**Exercise:** Only the lines of the listing below that run from the line with "Carrera de la" through the line with "Vorschau Bildergalerie Deluxe Karma Van" are to be set down, word for word. Pictures stay out.

**Data excerpts:**
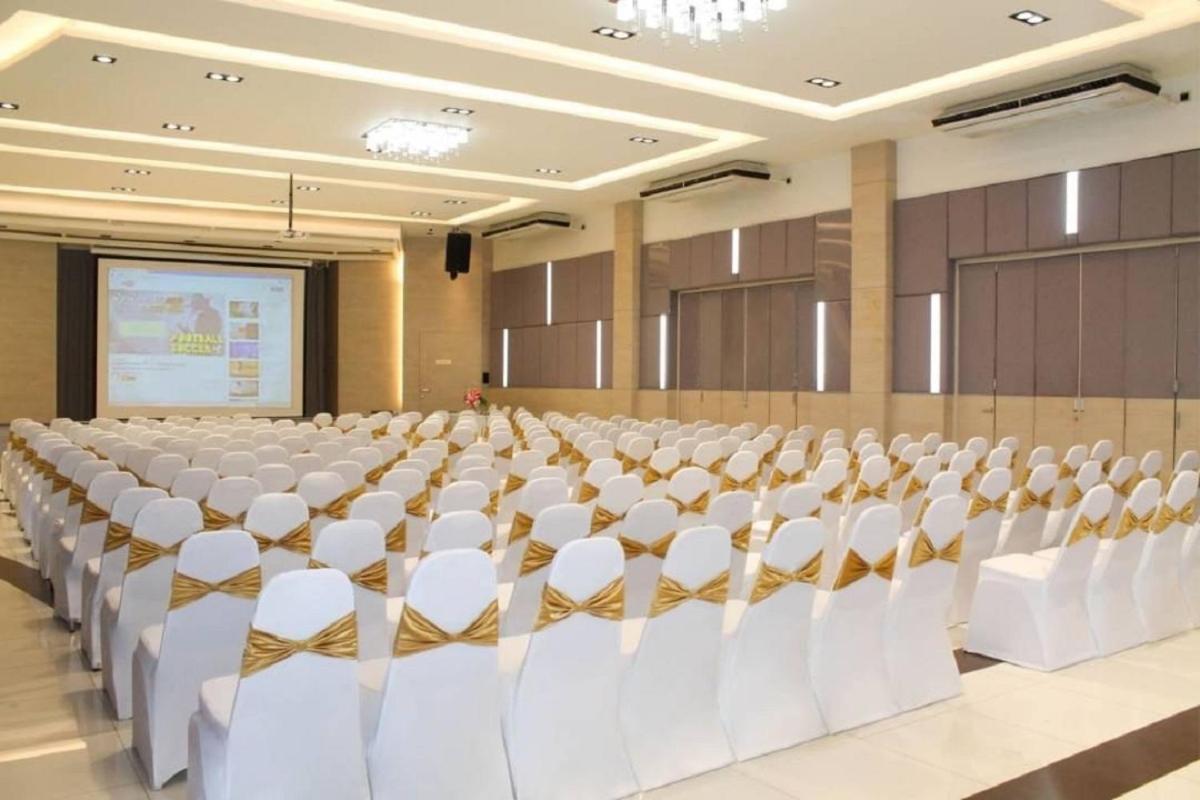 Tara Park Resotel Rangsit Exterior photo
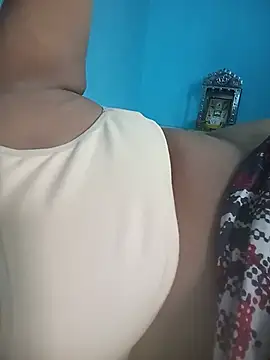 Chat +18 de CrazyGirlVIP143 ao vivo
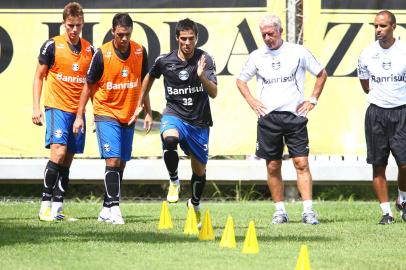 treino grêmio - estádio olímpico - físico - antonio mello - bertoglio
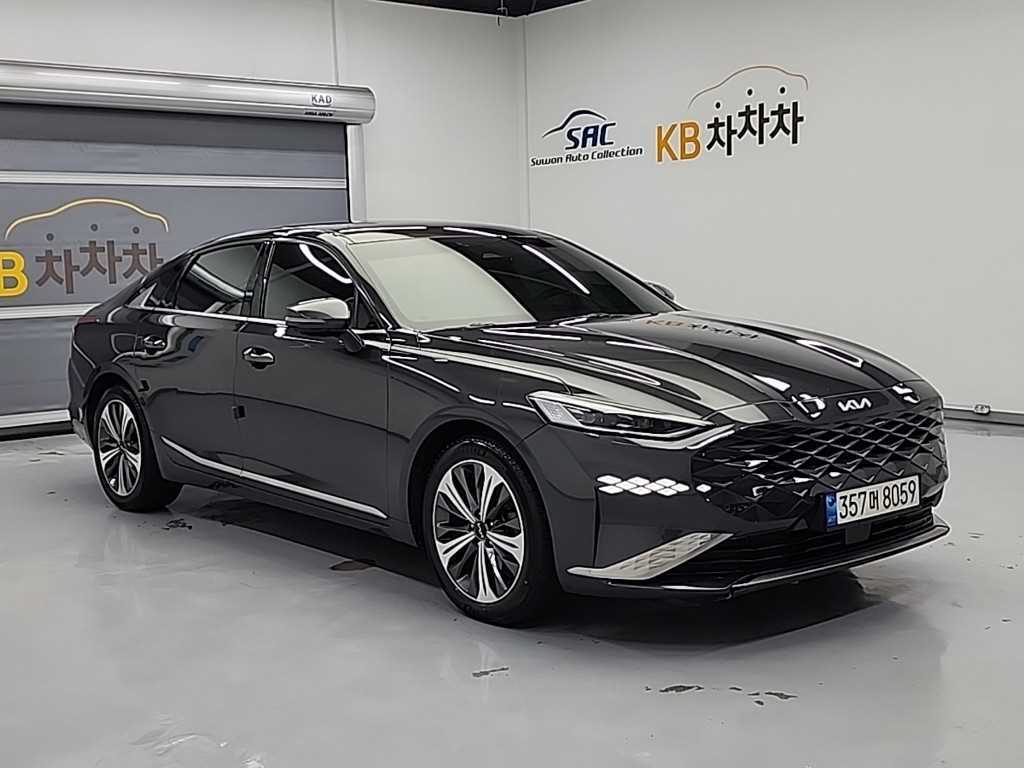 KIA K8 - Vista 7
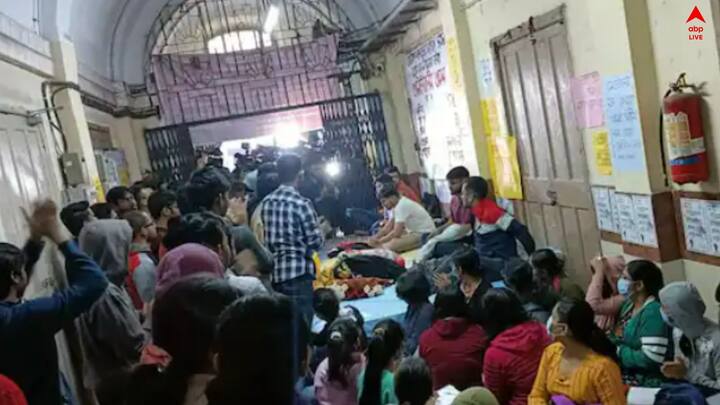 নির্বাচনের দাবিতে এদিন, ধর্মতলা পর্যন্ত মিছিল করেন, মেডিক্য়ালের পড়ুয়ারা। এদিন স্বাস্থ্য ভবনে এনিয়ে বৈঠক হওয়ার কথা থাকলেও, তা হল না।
--
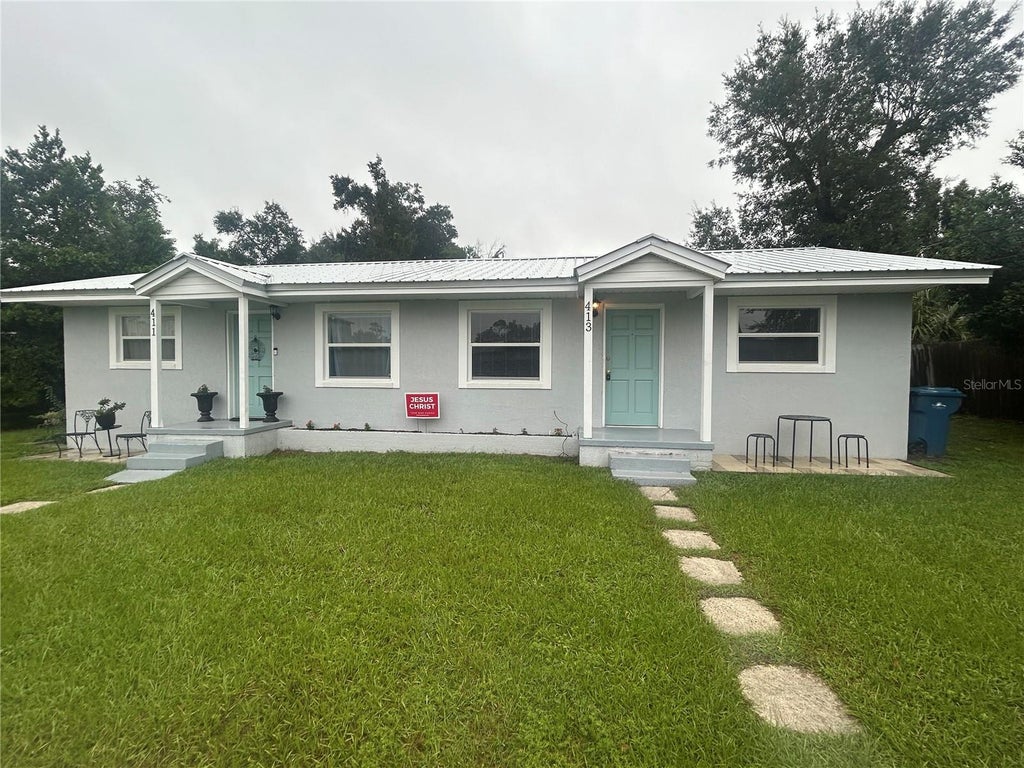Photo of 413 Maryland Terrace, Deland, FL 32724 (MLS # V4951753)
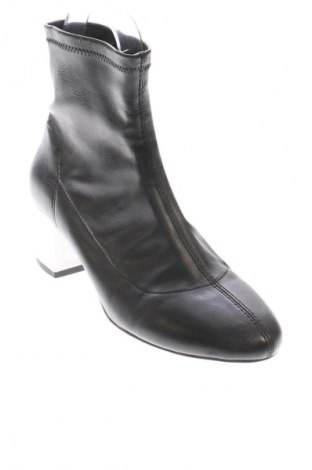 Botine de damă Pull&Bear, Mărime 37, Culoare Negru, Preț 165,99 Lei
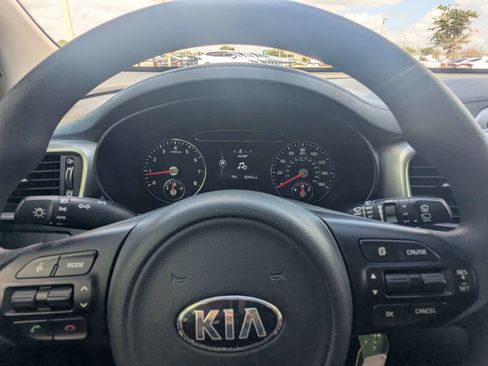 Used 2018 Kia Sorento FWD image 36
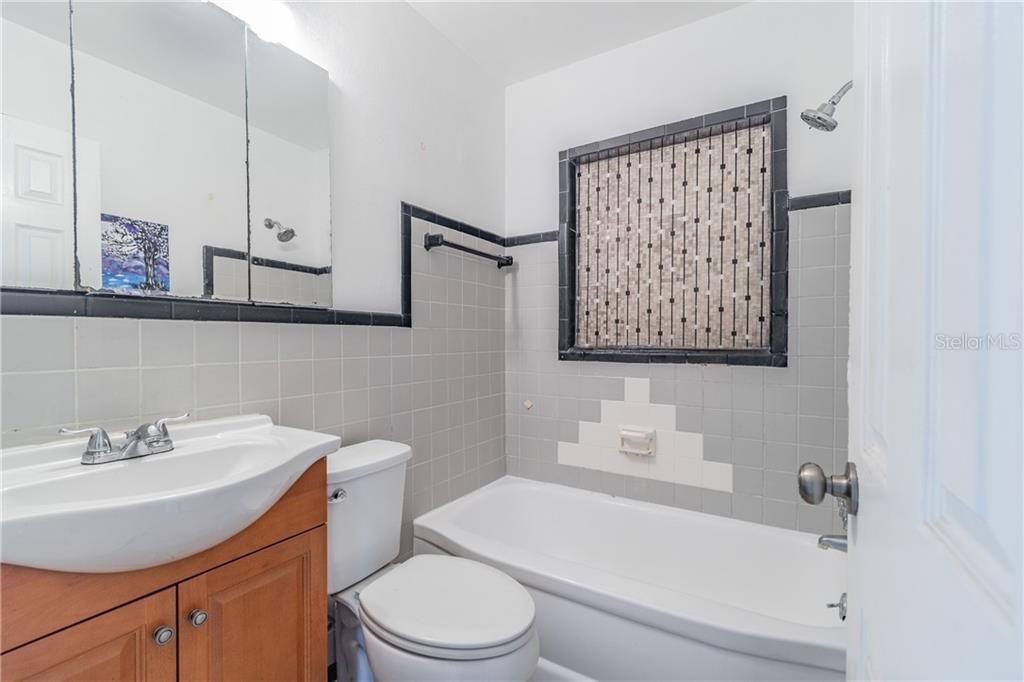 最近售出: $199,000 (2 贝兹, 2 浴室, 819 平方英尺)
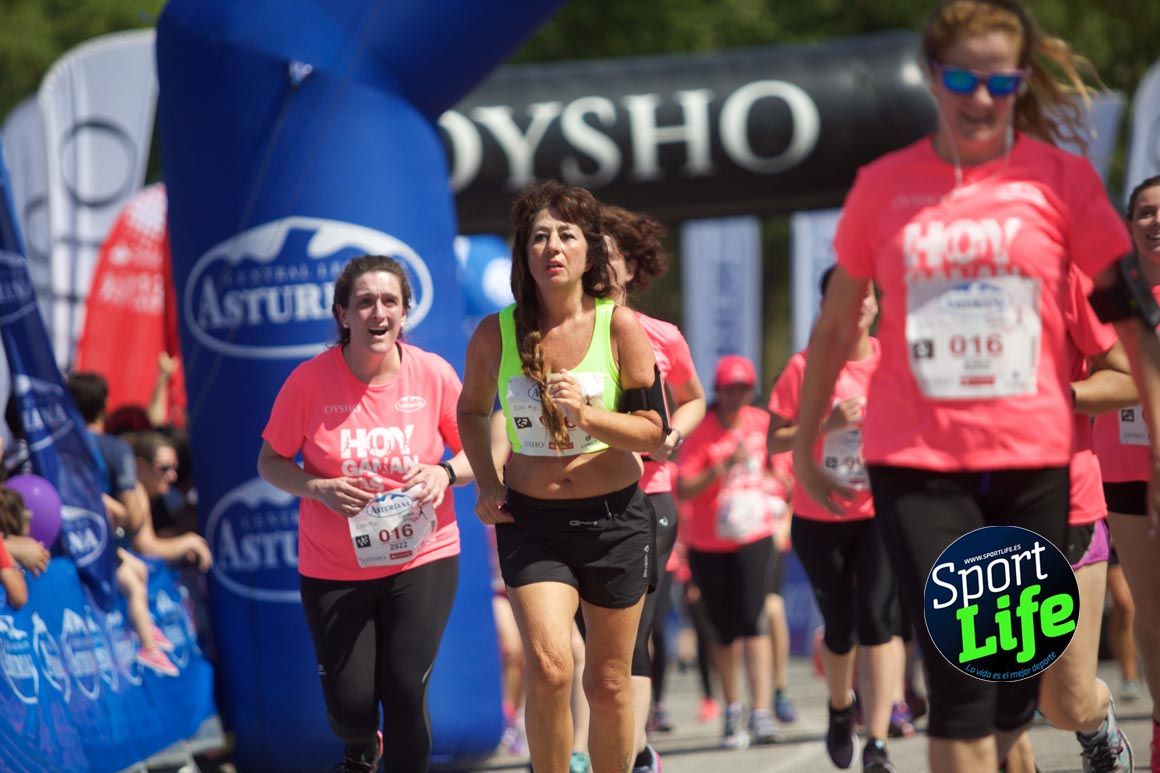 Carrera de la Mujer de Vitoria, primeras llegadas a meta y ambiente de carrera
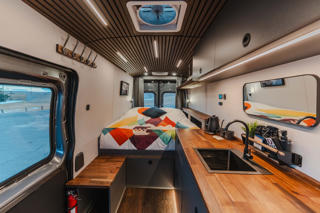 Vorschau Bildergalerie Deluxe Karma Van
...
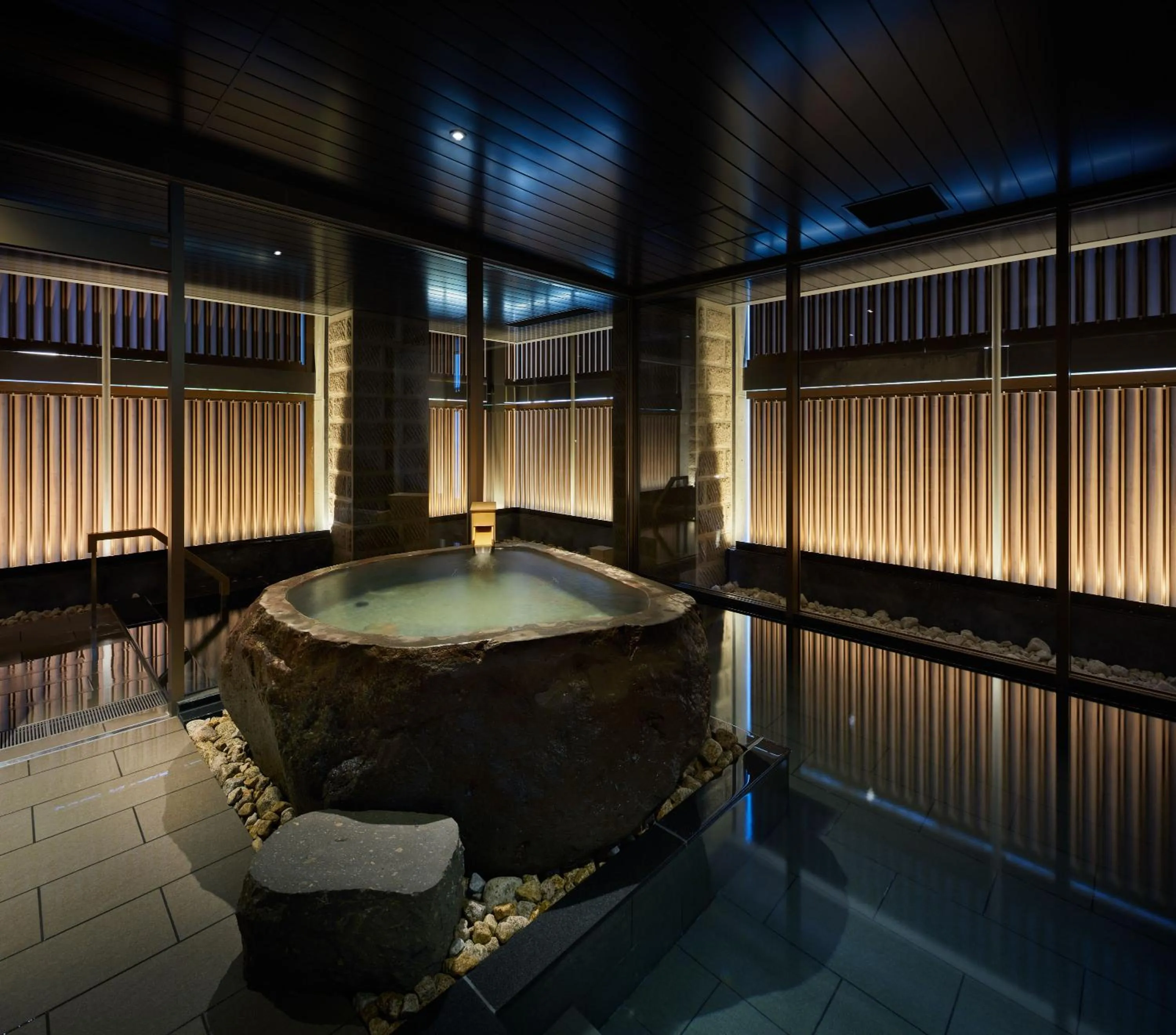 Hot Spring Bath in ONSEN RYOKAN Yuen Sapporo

**Response box:**
 Carrera de la Mujer de Vitoria, primeras llegadas a meta y ambiente de carrera
 Vorschau Bildergalerie Deluxe Karma Van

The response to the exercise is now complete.